Ist das Singen Ihre Art, mit Tod und Trauer umzugehen?
Müller:
Das Gefühl der Trauer ist doch so stark, dass man natürlich auf die Idee kommt, die Gedanken festzuhalten und zu erklären. Der eine schreibt drüber, der andere macht einen Film und ich singe drüber. Tod ist immer noch ein Tabuthema, das nervt mich.

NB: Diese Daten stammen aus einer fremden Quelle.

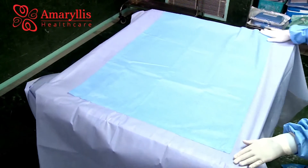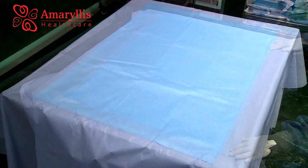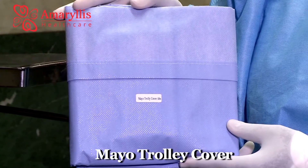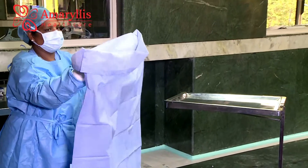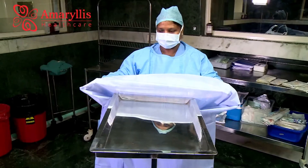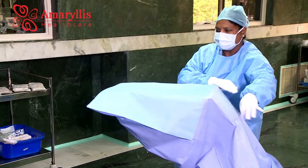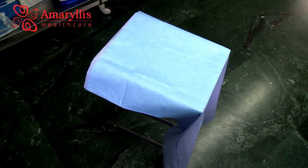The absorbent layer limits spill out, thereby offering better sterility. The mayo trolley cover is used to cover the mayo trolley, with its absorbent layer also limiting spill out and offering better sterility.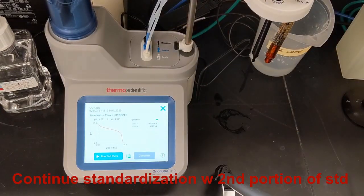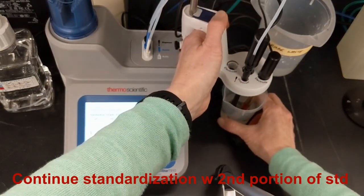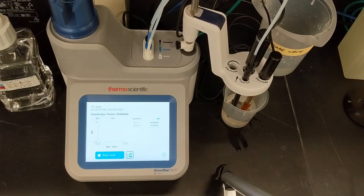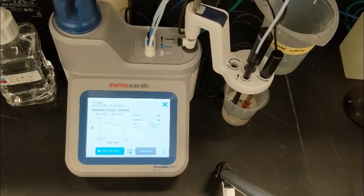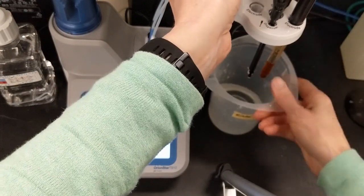Then I'll set up the second beaker of standard that I prepared earlier, and choose run the second cycle to start the second titration of the standard. As we saw before, the titrator begins the pre-stir, measures pH, and starts the titration. When the second cycle is done, the results of cycle 1 and cycle 2 are displayed. Since I'm going to run three beakers of standard for this titrant standardization, I'll rinse and continue.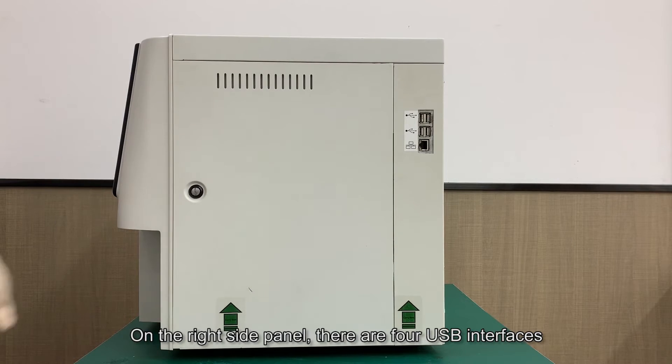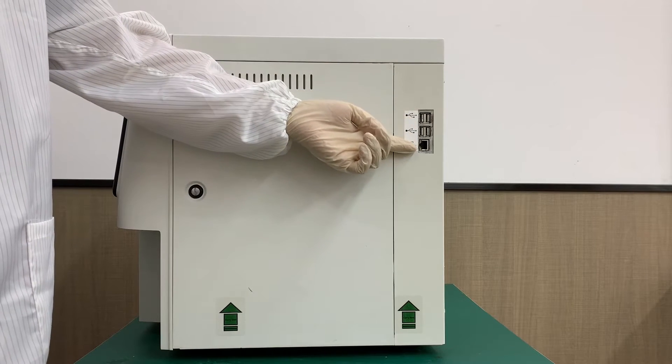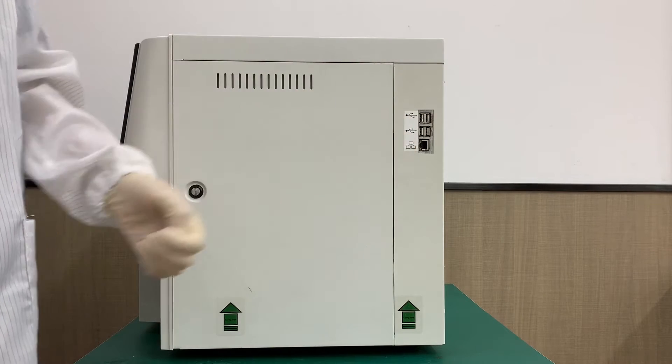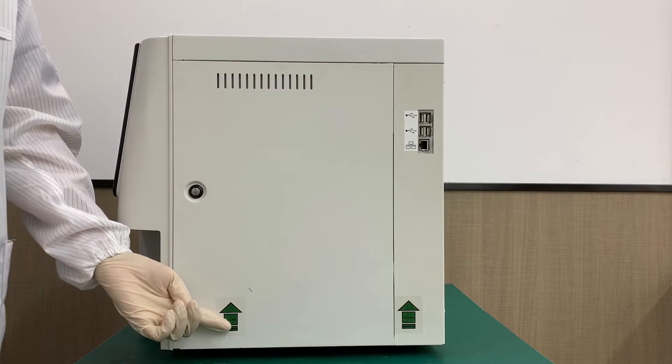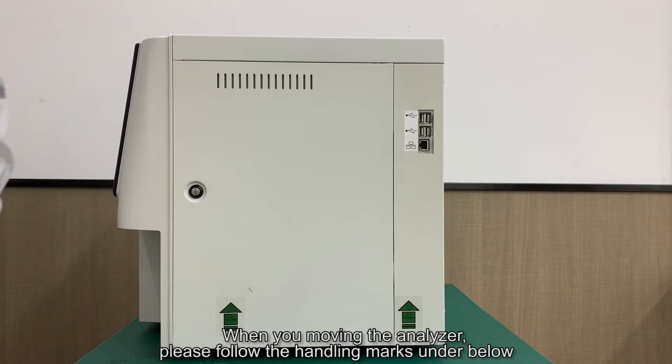On the right side panel, there are four USB interfaces and this is the LAN port. When moving the analyzer, please follow the handling marks shown below.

Sie sind erst 49. Was interessiert Sie am Thema Tod?
Müller:
Vor allem habe ich keine Angst, darüber zu reden. Ich frage auch andere, wie sie sich den Tod vorstellen und wie sich das Sterben wohl anfühlt. Mich interessiert, wie andere Menschen darüber denken. Manchmal stehe ich im Badezimmer und denke: Wenn du jetzt tot umfallen würdest, dann würde alles so weiterlaufen — sogar die Dusche. Und ich wäre später irgendwo unter der Erde und mir wäre wahrscheinlich kalt.

Wie soll man sich einmal an Sie erinnern?
Müller:
Ich hoffe, dass ich bei Wikipedia zu finden bin. Dass man die nächsten 100 Jahre etwas zu meinem Namen findet, wenn man ihn googelt. Das Einzige, was am Ende ja von einem bleibt, sind die Erinnerungen. Aber auch die verblassen mit der Zeit. Deshalb Wikipedia. Ansonsten halte ich mich nicht für so wichtig. Ich bin Ehrenbürgerin von meinem Heimatdorf Köhlen. Eine Bank mit so einem Messingschildchen wäre bestimmt noch drin. Und ein Bild im Schellfischposten.